Record set.
___

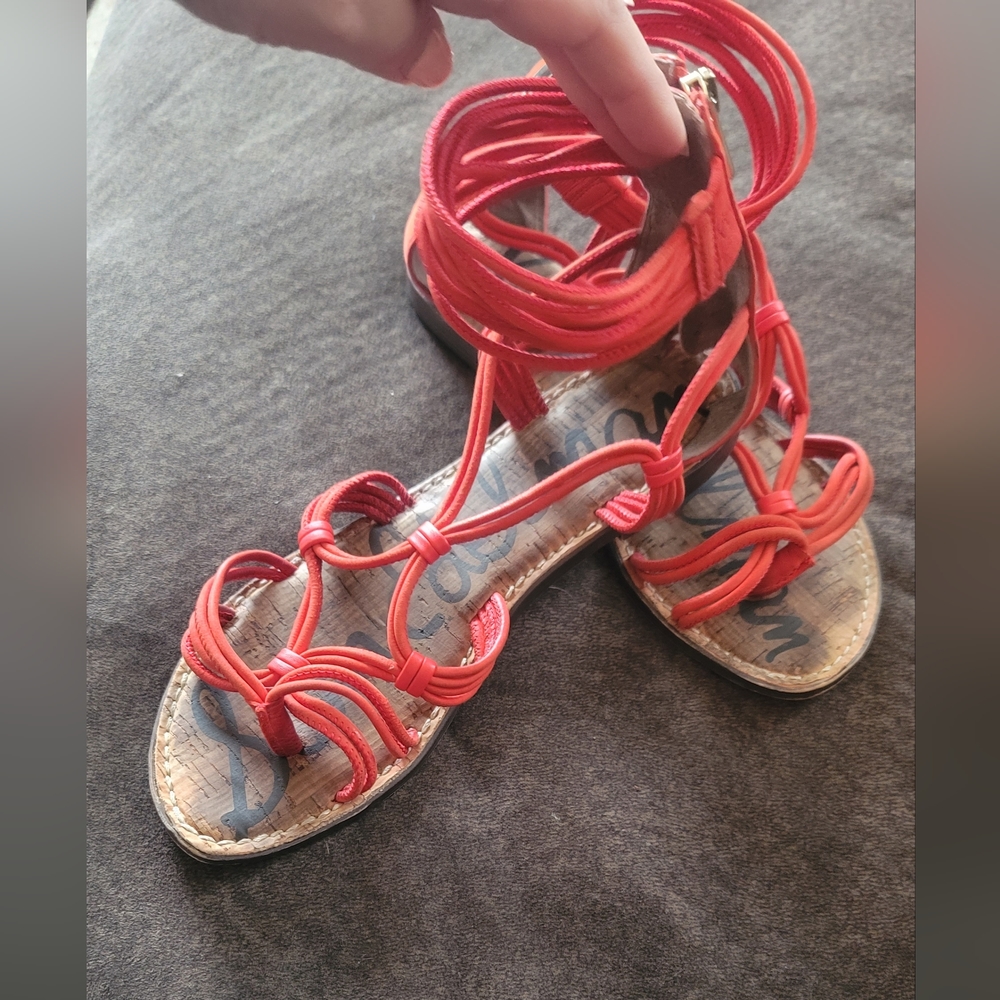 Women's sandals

___

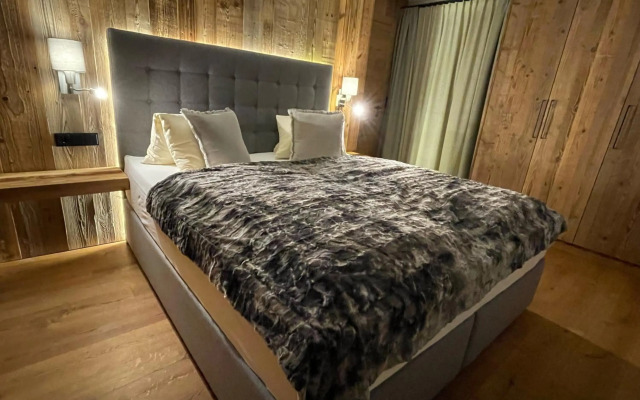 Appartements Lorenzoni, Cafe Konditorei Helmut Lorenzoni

___

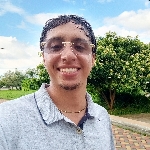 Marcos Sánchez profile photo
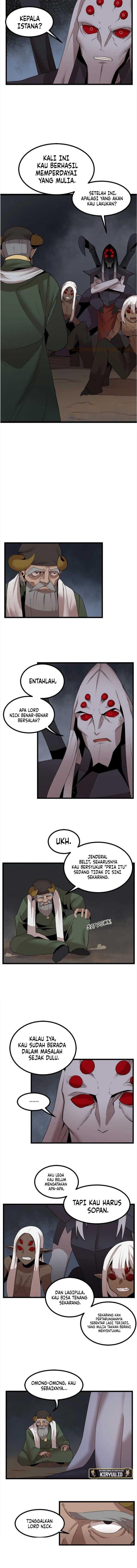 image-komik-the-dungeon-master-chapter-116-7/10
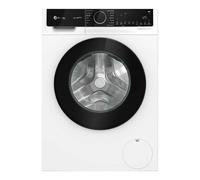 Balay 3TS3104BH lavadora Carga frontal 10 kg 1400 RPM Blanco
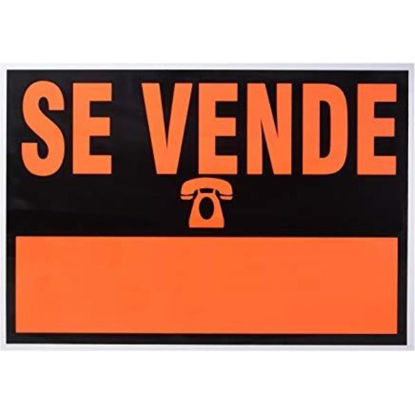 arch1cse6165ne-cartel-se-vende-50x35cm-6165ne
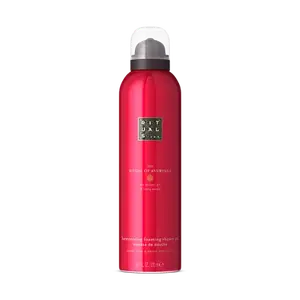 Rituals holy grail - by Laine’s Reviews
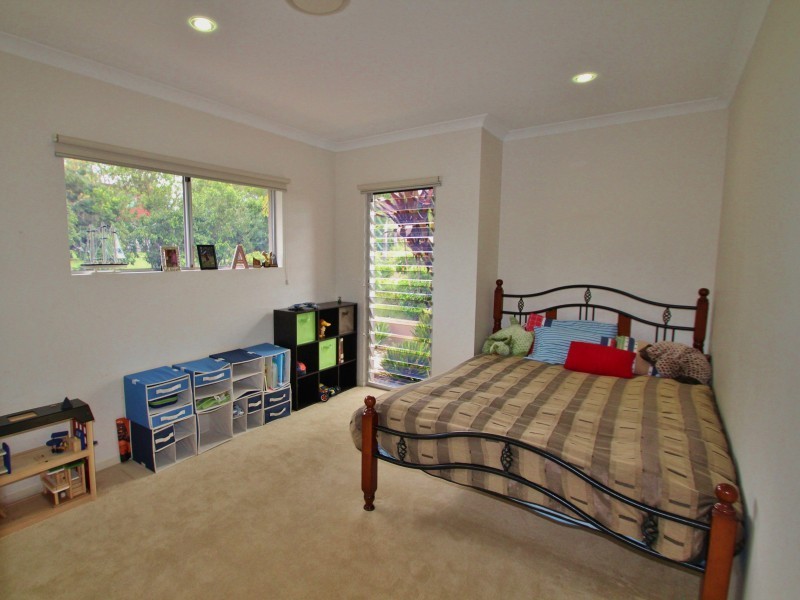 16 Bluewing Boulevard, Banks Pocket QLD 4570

___

Required work. The answer must be the lines above from the one containing "arch1cse6165ne-cartel-se-vende-50x35cm-6165ne" through the one containing "16 Bluewing Boulevard, Banks Pocket QLD 4570", reproduced exactly, with no pictures and nothing else.

Answer to this exercise.
 arch1cse6165ne-cartel-se-vende-50x35cm-6165ne
 Rituals holy grail - by Laine’s Reviews
 16 Bluewing Boulevard, Banks Pocket QLD 4570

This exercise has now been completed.